Records drawn from a dataset:
================

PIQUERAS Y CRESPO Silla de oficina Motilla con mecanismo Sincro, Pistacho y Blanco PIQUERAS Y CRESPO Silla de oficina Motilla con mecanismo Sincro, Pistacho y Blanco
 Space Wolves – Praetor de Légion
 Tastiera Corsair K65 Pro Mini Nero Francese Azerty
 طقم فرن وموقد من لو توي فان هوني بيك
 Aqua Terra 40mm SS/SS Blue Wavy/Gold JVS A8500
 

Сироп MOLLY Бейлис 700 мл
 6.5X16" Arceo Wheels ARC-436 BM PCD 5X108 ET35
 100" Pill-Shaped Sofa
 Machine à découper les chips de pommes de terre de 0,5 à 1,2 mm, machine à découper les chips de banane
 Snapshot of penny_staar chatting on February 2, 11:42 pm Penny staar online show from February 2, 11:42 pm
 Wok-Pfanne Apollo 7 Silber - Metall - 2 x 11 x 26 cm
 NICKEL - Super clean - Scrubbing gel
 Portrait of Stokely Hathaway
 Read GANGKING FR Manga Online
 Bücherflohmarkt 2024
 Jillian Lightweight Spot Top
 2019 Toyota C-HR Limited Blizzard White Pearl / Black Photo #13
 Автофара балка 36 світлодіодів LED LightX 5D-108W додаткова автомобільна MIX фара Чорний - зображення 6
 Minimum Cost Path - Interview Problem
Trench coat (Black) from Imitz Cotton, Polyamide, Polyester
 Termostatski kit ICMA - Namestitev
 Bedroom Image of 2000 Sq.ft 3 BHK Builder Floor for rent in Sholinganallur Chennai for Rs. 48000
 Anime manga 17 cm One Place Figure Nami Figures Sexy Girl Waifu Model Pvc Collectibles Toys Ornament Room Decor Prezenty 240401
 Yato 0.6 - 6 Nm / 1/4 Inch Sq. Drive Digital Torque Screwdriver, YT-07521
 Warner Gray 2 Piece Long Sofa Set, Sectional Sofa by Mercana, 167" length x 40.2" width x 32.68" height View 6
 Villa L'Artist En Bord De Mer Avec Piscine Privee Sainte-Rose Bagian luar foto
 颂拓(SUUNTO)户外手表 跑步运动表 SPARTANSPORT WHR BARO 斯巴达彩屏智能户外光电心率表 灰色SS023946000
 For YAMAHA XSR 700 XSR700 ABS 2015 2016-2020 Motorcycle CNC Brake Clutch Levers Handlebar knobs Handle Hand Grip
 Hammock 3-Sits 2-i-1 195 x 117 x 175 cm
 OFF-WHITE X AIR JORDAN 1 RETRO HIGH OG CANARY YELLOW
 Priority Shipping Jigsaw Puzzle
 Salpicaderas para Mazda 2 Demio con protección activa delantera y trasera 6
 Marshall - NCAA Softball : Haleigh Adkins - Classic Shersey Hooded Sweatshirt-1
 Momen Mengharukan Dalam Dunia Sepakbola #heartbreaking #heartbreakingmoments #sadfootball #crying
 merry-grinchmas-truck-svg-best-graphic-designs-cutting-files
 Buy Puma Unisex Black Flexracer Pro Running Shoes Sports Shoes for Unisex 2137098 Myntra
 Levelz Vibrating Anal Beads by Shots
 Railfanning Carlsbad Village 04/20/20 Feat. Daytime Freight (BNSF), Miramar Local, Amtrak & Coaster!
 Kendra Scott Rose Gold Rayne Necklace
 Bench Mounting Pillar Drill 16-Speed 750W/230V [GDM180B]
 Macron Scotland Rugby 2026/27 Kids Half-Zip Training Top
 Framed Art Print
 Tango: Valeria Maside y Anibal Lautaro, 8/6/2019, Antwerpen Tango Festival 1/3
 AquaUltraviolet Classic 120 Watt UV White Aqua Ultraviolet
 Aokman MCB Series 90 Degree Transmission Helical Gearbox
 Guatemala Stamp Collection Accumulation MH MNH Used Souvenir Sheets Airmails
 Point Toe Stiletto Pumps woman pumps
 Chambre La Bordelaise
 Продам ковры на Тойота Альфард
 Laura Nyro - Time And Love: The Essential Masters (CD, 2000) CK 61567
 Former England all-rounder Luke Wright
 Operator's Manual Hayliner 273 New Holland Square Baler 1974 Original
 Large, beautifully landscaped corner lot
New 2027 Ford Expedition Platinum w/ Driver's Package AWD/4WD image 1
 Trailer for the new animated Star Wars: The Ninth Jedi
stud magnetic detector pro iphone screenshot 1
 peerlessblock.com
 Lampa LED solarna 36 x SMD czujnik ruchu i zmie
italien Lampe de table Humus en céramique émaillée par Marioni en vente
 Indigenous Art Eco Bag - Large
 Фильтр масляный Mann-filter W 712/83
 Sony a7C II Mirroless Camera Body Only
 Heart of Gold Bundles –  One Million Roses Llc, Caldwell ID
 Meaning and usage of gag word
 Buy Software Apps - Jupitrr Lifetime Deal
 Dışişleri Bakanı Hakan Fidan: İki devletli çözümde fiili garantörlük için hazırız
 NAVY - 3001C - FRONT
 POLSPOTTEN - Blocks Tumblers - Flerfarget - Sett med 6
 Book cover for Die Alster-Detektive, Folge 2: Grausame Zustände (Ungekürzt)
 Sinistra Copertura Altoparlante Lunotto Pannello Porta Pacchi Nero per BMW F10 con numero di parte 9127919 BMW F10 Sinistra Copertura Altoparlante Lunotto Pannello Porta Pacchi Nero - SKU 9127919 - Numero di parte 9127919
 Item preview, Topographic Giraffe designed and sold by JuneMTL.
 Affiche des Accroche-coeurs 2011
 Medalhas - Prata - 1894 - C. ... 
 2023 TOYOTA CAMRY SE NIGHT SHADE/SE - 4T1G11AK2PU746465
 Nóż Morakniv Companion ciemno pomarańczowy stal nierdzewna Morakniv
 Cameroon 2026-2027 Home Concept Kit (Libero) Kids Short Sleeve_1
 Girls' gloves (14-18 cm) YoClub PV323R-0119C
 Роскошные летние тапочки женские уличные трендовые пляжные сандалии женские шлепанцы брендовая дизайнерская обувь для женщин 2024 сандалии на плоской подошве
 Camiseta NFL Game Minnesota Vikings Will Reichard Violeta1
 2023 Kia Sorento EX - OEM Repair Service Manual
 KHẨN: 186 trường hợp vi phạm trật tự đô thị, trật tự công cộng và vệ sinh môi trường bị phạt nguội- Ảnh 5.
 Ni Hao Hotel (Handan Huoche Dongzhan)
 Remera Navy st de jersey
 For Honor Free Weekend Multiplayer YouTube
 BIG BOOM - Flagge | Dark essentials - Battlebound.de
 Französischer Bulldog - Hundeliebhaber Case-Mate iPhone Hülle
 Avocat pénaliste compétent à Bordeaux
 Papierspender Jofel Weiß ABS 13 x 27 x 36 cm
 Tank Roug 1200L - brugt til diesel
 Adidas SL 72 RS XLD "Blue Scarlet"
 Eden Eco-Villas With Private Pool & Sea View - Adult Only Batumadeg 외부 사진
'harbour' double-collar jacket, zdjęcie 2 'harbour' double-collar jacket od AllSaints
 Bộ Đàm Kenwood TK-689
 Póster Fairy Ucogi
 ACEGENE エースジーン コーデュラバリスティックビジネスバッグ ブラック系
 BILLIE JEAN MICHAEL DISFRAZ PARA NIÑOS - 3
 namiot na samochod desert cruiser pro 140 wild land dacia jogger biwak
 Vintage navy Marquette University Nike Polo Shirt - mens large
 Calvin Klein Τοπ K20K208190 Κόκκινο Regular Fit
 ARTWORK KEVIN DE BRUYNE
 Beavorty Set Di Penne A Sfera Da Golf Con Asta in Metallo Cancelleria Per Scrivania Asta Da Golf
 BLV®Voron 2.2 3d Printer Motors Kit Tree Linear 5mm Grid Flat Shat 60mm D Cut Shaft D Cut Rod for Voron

================

● WHAT IS NEEDED:
Every line that contains the string "Gold" should be returned from the data.

● COMPLETED TASK:
 Aqua Terra 40mm SS/SS Blue Wavy/Gold JVS A8500
 Kendra Scott Rose Gold Rayne Necklace
 Heart of Gold Bundles –  One Million Roses Llc, Caldwell ID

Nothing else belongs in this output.